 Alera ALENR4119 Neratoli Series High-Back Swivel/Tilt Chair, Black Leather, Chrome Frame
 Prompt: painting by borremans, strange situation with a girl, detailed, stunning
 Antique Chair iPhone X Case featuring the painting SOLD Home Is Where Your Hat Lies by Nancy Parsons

* * *

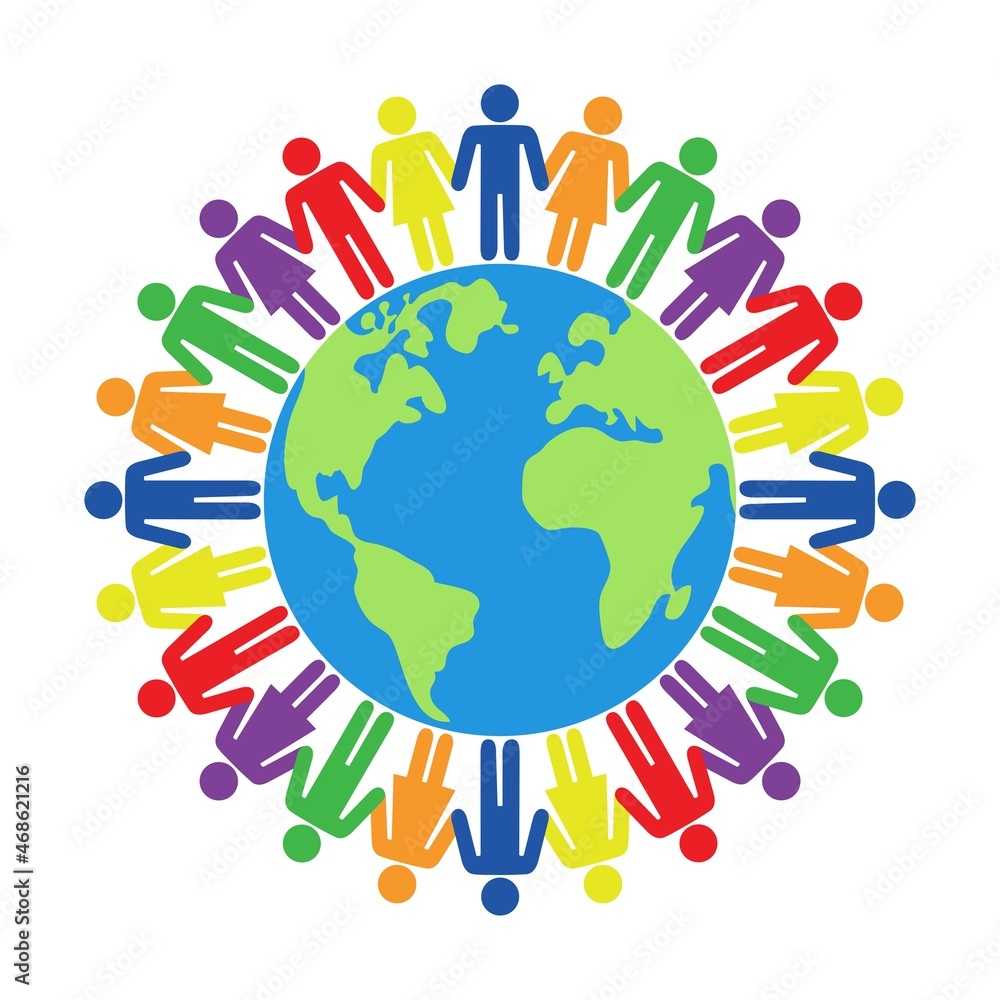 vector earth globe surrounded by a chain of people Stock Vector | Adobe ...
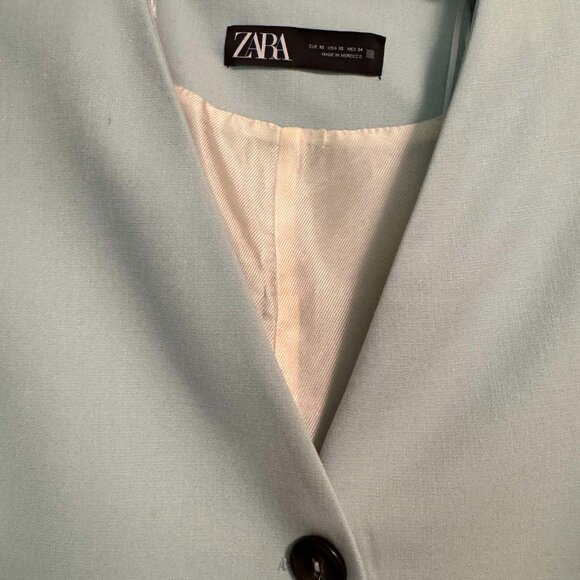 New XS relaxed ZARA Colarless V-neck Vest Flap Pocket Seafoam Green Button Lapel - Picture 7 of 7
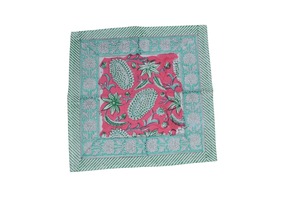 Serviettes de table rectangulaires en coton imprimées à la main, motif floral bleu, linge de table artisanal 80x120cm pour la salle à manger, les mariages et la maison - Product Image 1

==

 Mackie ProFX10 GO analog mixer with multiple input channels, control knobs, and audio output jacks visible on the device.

*WORK TASK*
What is wanted is an exact copy of the lines above from the one containing "vector earth globe" through the one containing "Serviettes de table", with no pictures in it.

*ANSWER TO THIS TASK*
 vector earth globe surrounded by a chain of people Stock Vector | Adobe ...
 New XS relaxed ZARA Colarless V-neck Vest Flap Pocket Seafoam Green Button Lapel - Picture 7 of 7
 Serviettes de table rectangulaires en coton imprimées à la main, motif floral bleu, linge de table artisanal 80x120cm pour la salle à manger, les mariages et la maison - Product Image 1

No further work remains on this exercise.